Against the backdrop of the baying crowds that now regularly congregate around parliament, Will Self, on Channel 4 News, made an interesting observation: we are currently experiencing a crisis of listening. “You ask me John for a diagnosis of our country’s character, it’s that it doesn’t listen, on either side of the debate.”
I admit, there is a kind of superficial plausibility to this view. Indeed, the call for more listening, like the call for more kindness or more generosity, is never something to decry. Moreover, as the crowds behind Self seemed perfectly to demonstrate, there is a destructive loop that is generated by the feeling of not being heard.
The frustration of not being listened to leads to louder shouting. And the louder people shout, the more others shut down; mute; block. The other side, still unheard, shouts louder still and so it continues. We are all trapped in our own feedback loop, subject to confirmation bias, hearing only what we want to hear.
As the philosopher Gemma Fiumara observes in The Other side of Language: A Philosophy of Listening, there is a “crushing deafness produced by an assertive culture that is intoxicated by the effectiveness of its own ‘saying’, and increasingly incapable of paying ‘heed’”.

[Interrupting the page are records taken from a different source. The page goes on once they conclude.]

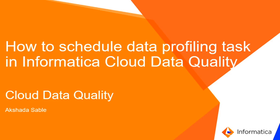Hello everyone, I am Akshada and in this video we will be covering how to schedule a data profiling task in Informatica Cloud Data Quality.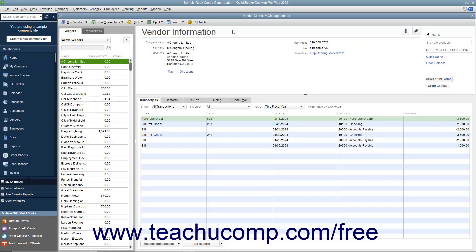To open a center by using the icon bar, click the associated button, like Customers, within the icon bar.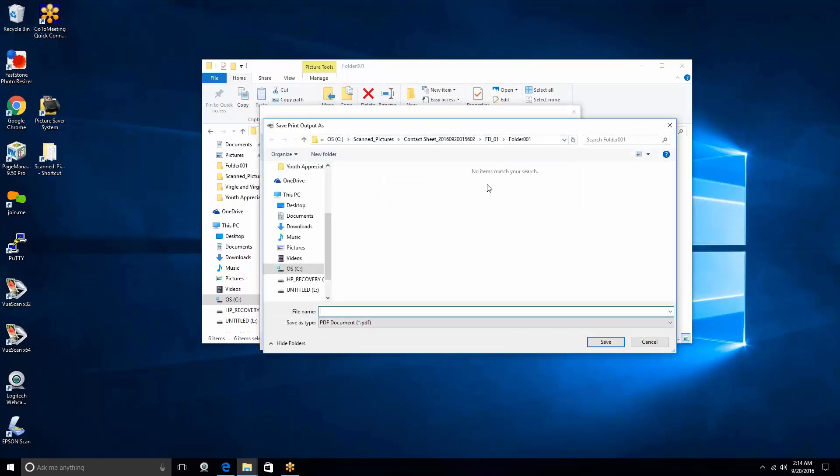At this point, we're going to go ahead and just select our folder that we actually have our photographs in. And this is the reason why we use the PDF, because we go ahead and just underscore, and I'm just going to go ahead and put Contact Sheet. And we can actually do this for each of the different folders that you have images in.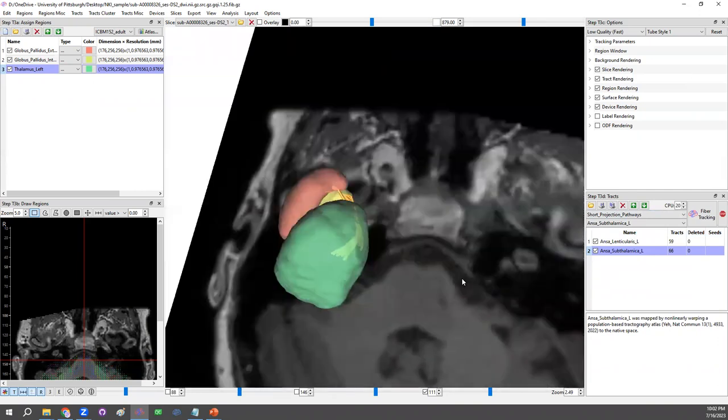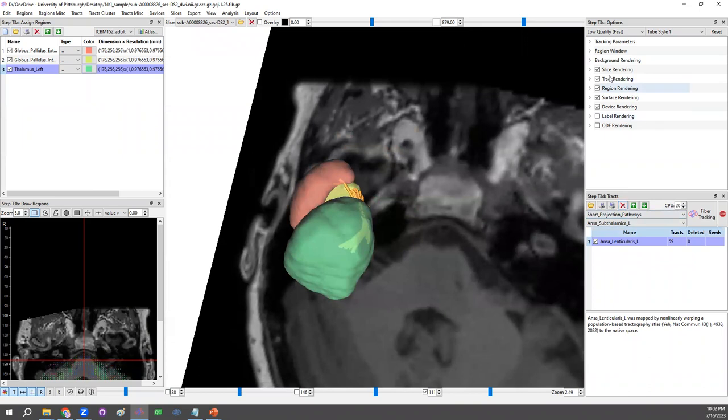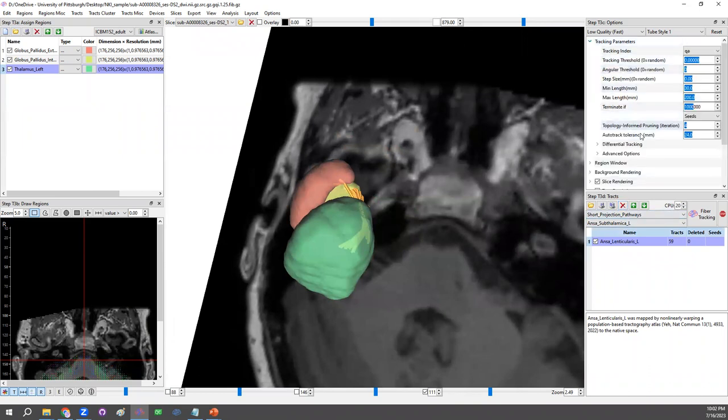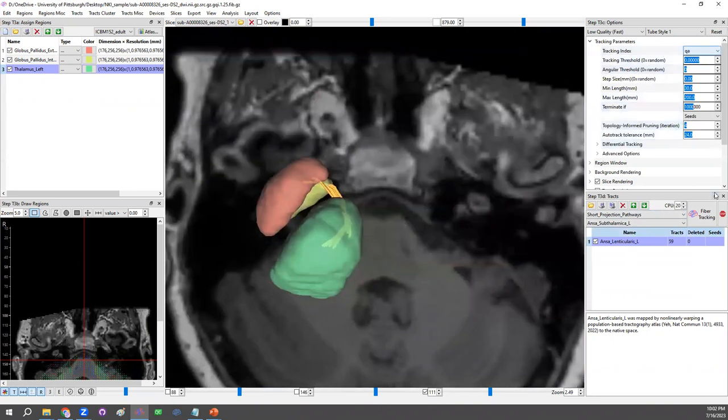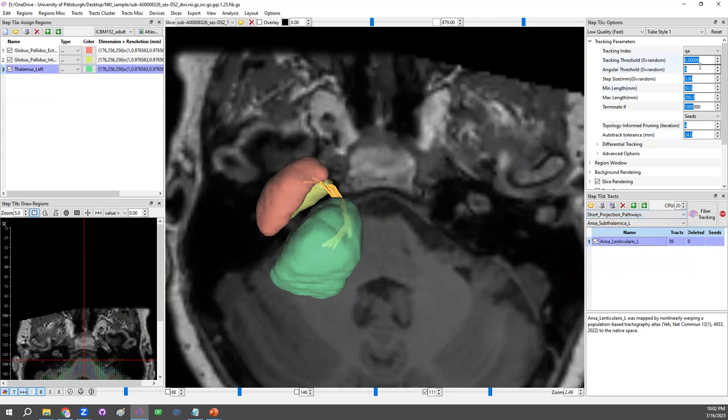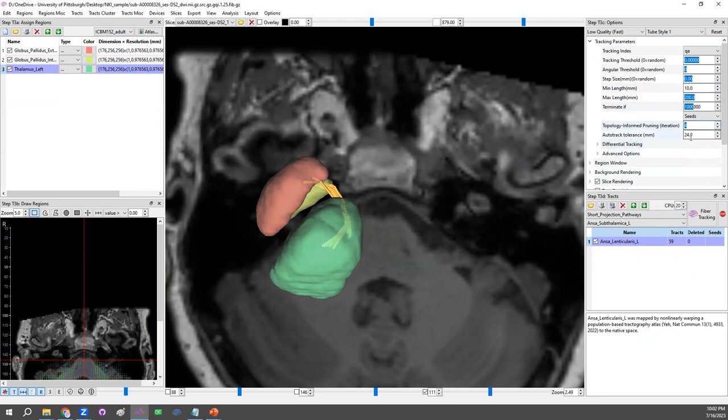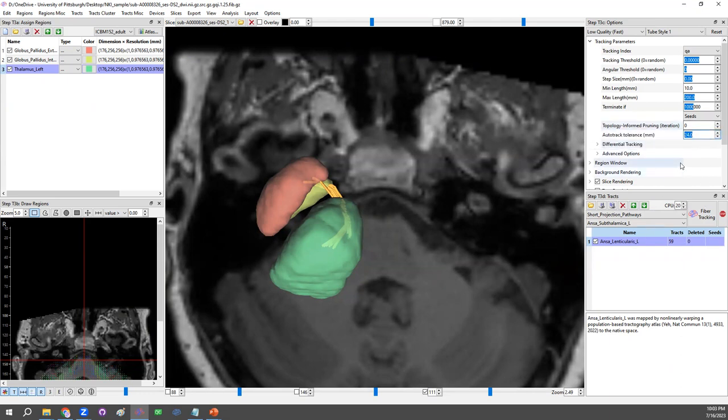A lot of time, since this is a short pathway, the group average mapping from the atlas would be maybe sufficient enough for most of the application. Other examples like the ansa subthalmica. We could also bring in using those built-in atlas. Of course, we could also run individual mapping on this short pathway. And that's in here, we would need to change the tracking parameter. Because those default parameters are primarily designed for association pathway, which is much easier to map and much larger. For mapping the short projection pathway or some difficult pathway, you may need to change some of the settings here. For example, for this short pathway, we may need to reduce the length, which is 10mm. And also, we may need to remove the pruning.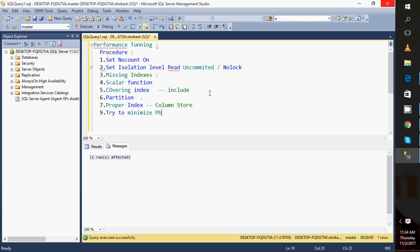Next, we need to try to minimize physical reads. Physical read is reading data from disk, while logical read is reading data from the buffer cache. If I want a single record from one billion rows and I am bringing in thousands of pages just for that single record, that is not a good approach. It means our data pages are not well-stored and there are issues such as fragmentation.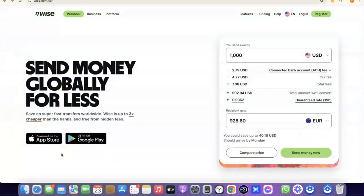Hello guys, welcome to my YouTube channel. In today's video, I'm going to show you how you can easily create a Wise account that you can use to send and receive money internationally. For example, if you are into freelancing, you could set up a Wise account to receive money from your clients and customers. If you are into dropshipping, you could also set up a Wise account to receive payment or link directly with your Stripe account.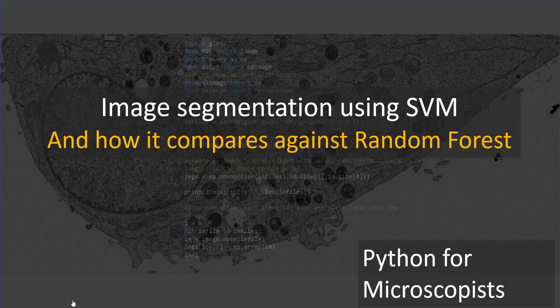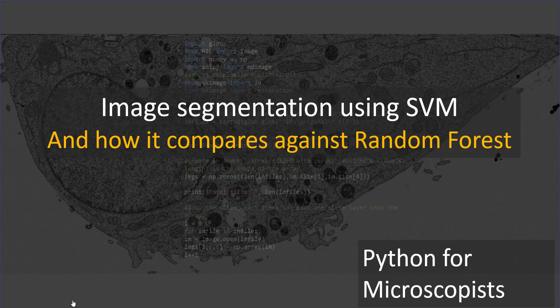Hey guys, you're watching Python tutorial videos on my YouTube channel, Python for Microscopists. In today's tutorial, let's look at performing image segmentation using support vector machines, or SVM for short.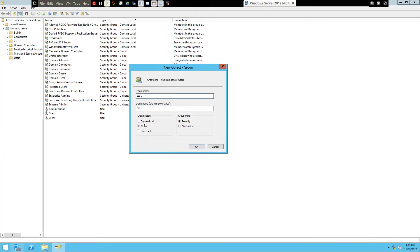You can see the group scope options: domain local, global, and universal. Domain local is particular to that domain, global is for the entire forest, and universal allows users from any forest. We'll keep this as global since we want to use this group across our entire forest. For group type, keep it as Security, because it will have a SID. Distribution groups won't have a SID. Enter the name CSC1 and click OK.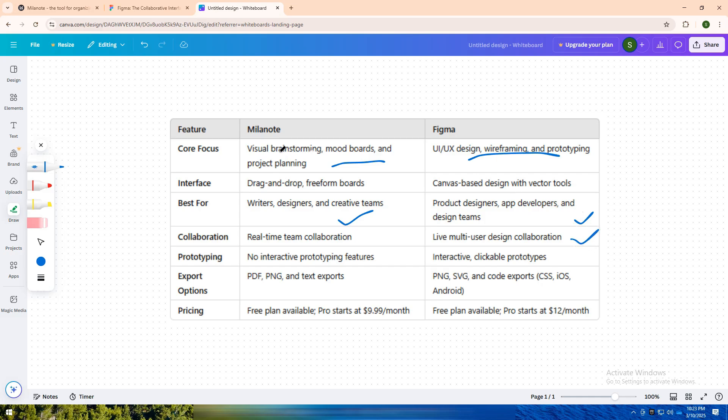In short, go with Milanote for brainstorming, mood boards, and visual project planning. Choose Figma for UX design, wireframing, and interactive prototyping.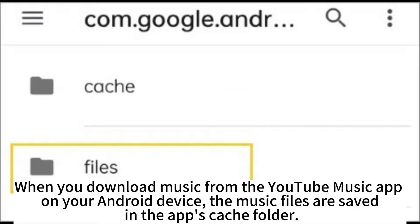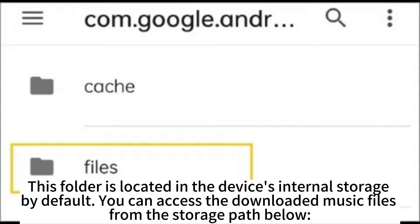When you download music from the YouTube Music app on your Android device, the music files are saved in the app's cache folder. This folder is located in the device's internal storage by default. You can access the downloaded music files from the storage path shown below.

Even so, as a diagnosis of our current predicament, I think Self’s position falls short. And for two reasons.
First, the issue of listening speaks to a basic power imbalance. The Brexit debate can be characterised, without too much deformation, as one between a group of people who are used to being listened to and a group who are not. The Remain heartlands are in London, and university towns like Oxford and Cambridge. These places were most enthusiastic in signing up to the petition to cancel Article 50. They are used to being listened to.